Learning Planning Abstractions from Language

Authors: Weiyu Liu, Geng Chen, Joy Hsu, Jiayuan Mao, Jiajun Wu

ICLR 2024 | Conference PDF | Archive PDF | Plain Text | LLM Run Details

Reproducibility Variable Result LLM Response
Research Type Experimental We evaluate our models in two different domains: Baby AI (Chevalier-Boisvert et al., 2019), a 2D grid world environment, and Kitchen-Worlds (Yang et al., 2023), a 3D robotic manipulation benchmark. We present the results on generalization experiments in Table 1.
Researcher Affiliation Academia Weiyu Liu1 , Geng Chen1 , Joy Hsu1, Jiayuan Mao2 , Jiajun Wu1 1 Stanford 2 MIT
Pseudocode No The paper describes algorithms in paragraph text but does not include any explicitly labeled 'Pseudocode' or 'Algorithm' blocks.
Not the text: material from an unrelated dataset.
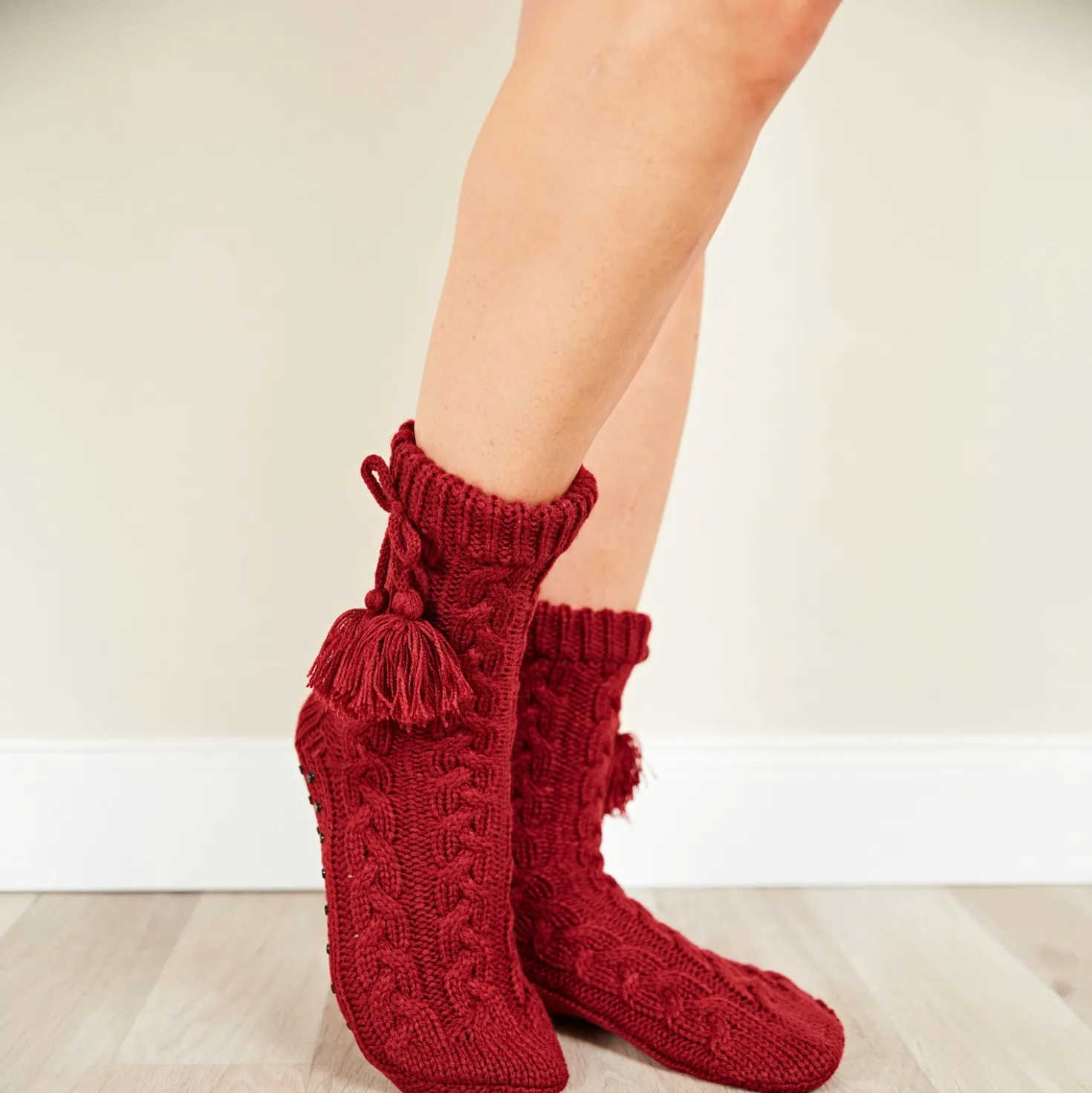 Stopper-Socken bordeaux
Open Source Code Yes Project page: https://parl2024.github.io/.
Open Datasets Yes We evaluate our models in two different domains: Baby AI (Chevalier-Boisvert et al., 2019), a 2D grid world environment, and Kitchen-Worlds (Yang et al., 2023), a 3D robotic manipulation benchmark.
Dataset Splits No The paper describes the collection of 'training data' and the initialization of 'testing scenes' for evaluation, but it does not provide explicit percentages or counts for training, validation, and test splits, nor does it explicitly mention a separate validation set split from the main dataset.
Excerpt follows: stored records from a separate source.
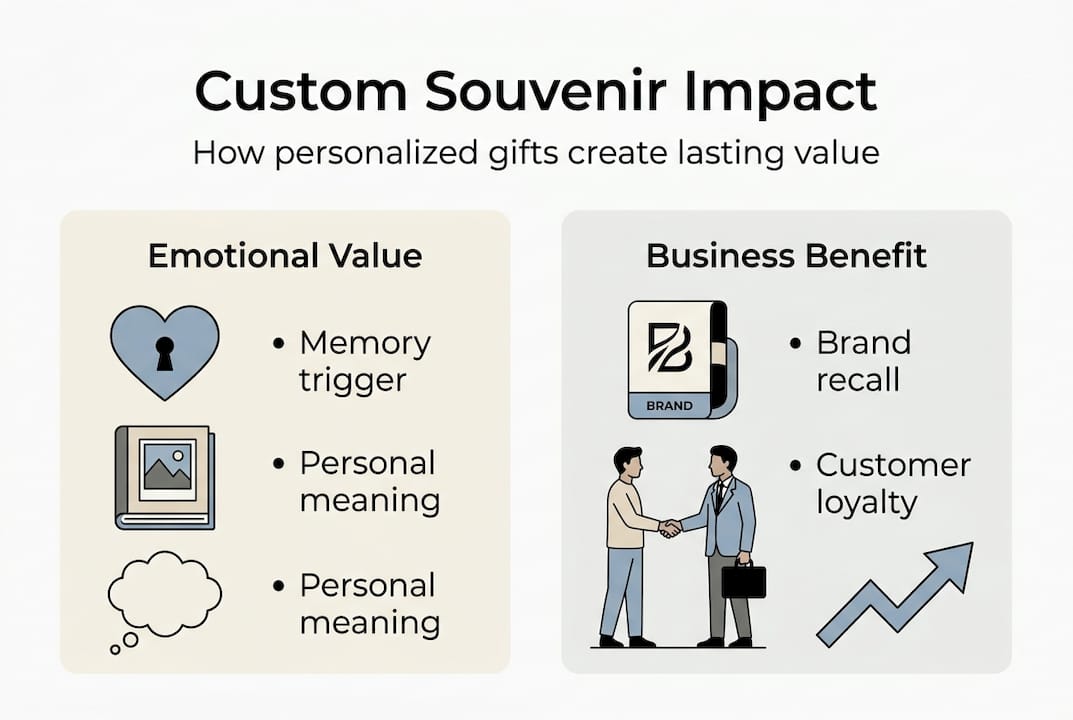Infographic showing impact of custom souvenirs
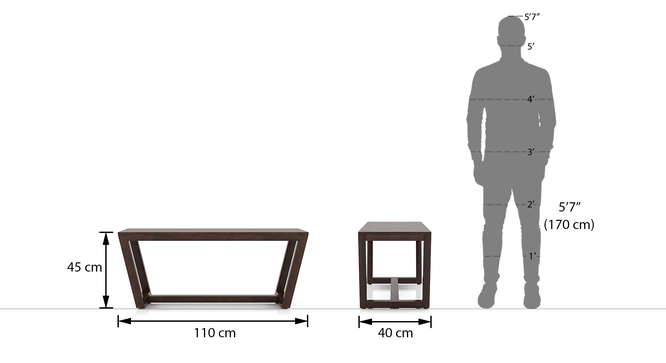 Caprica Dining Bench (Mango Walnut Finish) by Urban Ladder - Design 1 Dimension - 469314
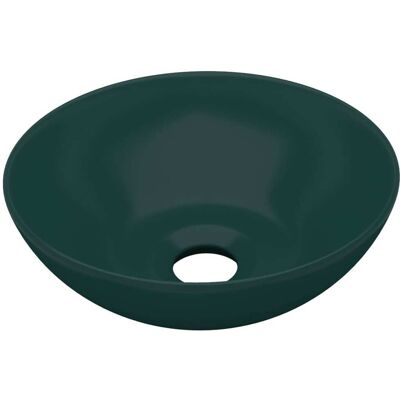 vidaXL Lavabo Cerámica Verde Oscuro Redondo - Lavabo vidaXL Lavabo Cerámica Verde Oscuro Redondo - Lavabo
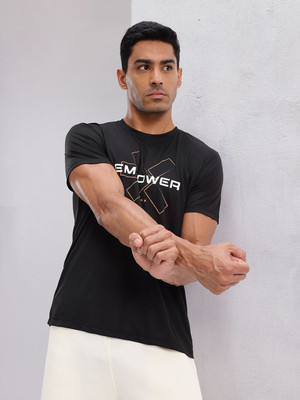 HRX by Hrithik Roshan Printed Men Round Neck Black T-Shirt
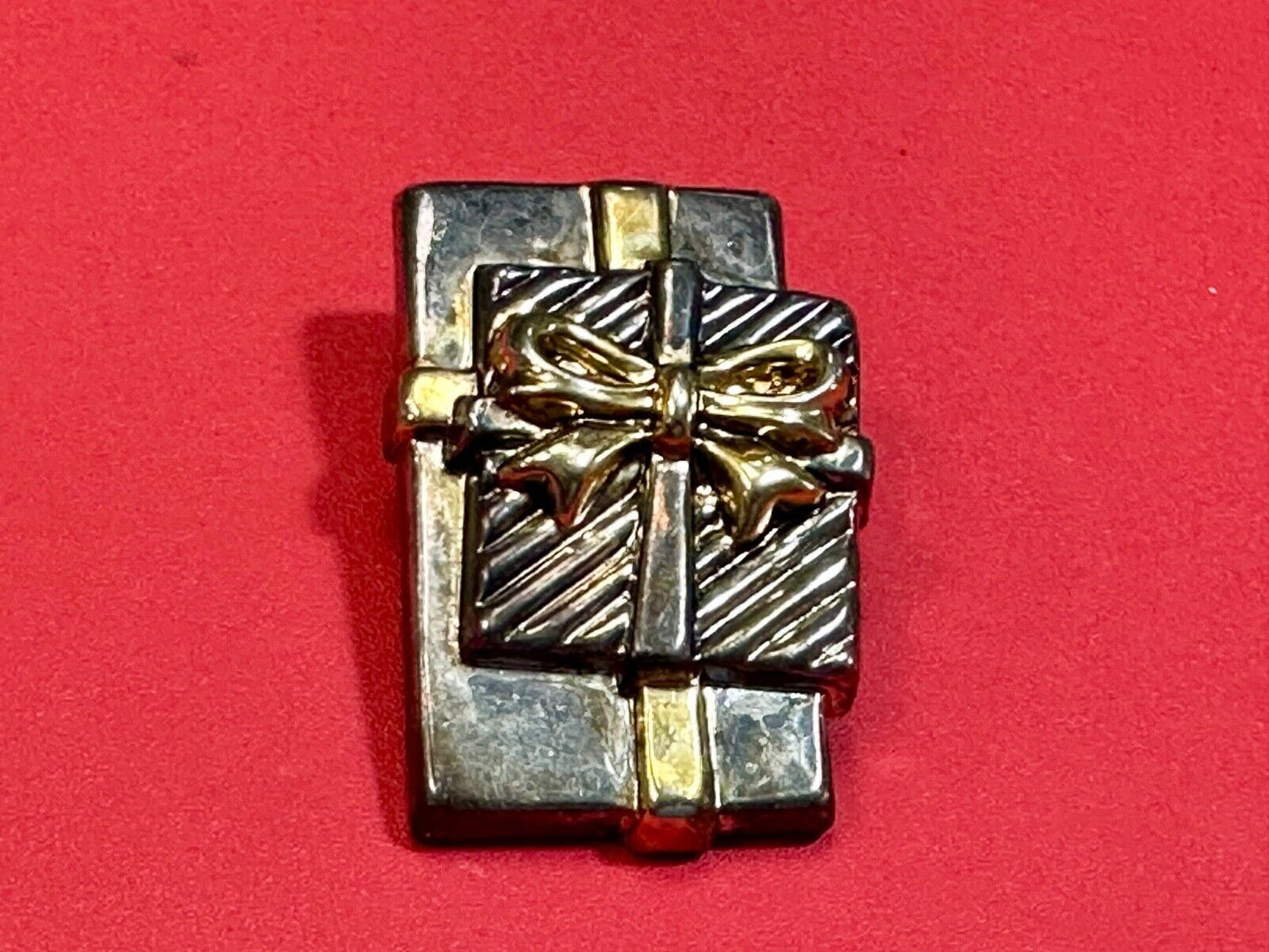 Vintage BEST Christmas Brooch Gift Present Gold Silver Two Tone Pin or PENDANT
Hardware Specification No The paper mentions that the algorithm can be 'efficiently implemented on a GPU' but provides no specific details about the GPU model (e.g., NVIDIA A100), CPU, memory, or other hardware specifications used for experiments.
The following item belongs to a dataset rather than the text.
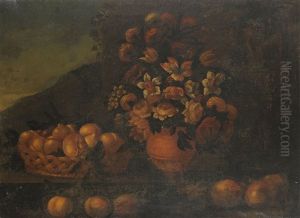 Still Life Of Flowers And Fruit Still Life Of Flowers And Fruit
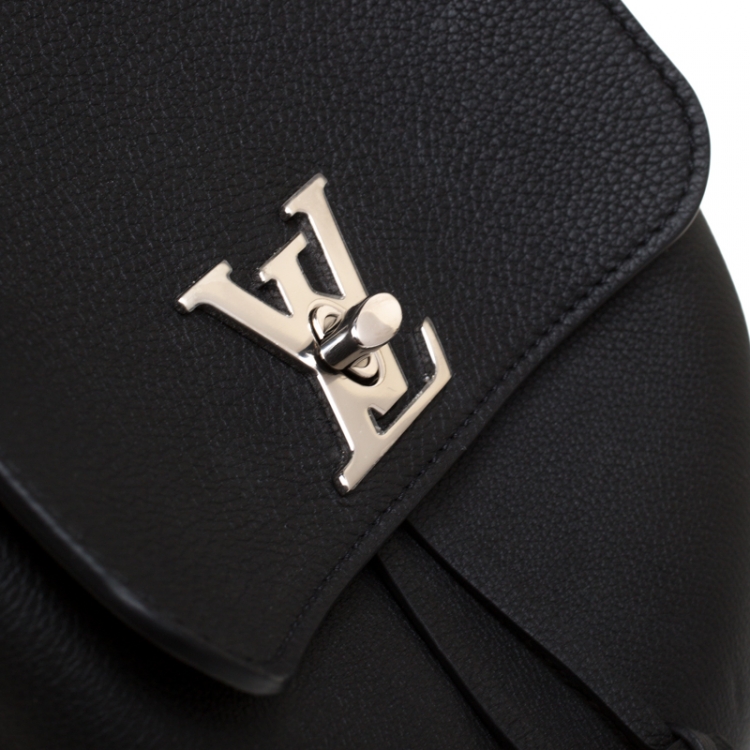Pre Owned Louis Vuitton Black Leather Lock Me Backpack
Software Dependencies No The paper mentions software components such as 'PyBullet physics simulator', 'Point Cloud Transformer (PCT)', 'FiLM layers', and 'GPT-4 LLM', but it does not provide specific version numbers for these software dependencies, which is necessary for reproducible setup.
Experiment Setup Yes Parameters. We provide network and training parameters in Table 3. Table 3: Model Parameters (partial content: Epochs 2000, Optimizer Adam, Learning rate 1e-4, Batch size 32, Learning rate warmup Linear (Tend = 20), Learning rate decay Cosine annealing (Tmax = 2000)).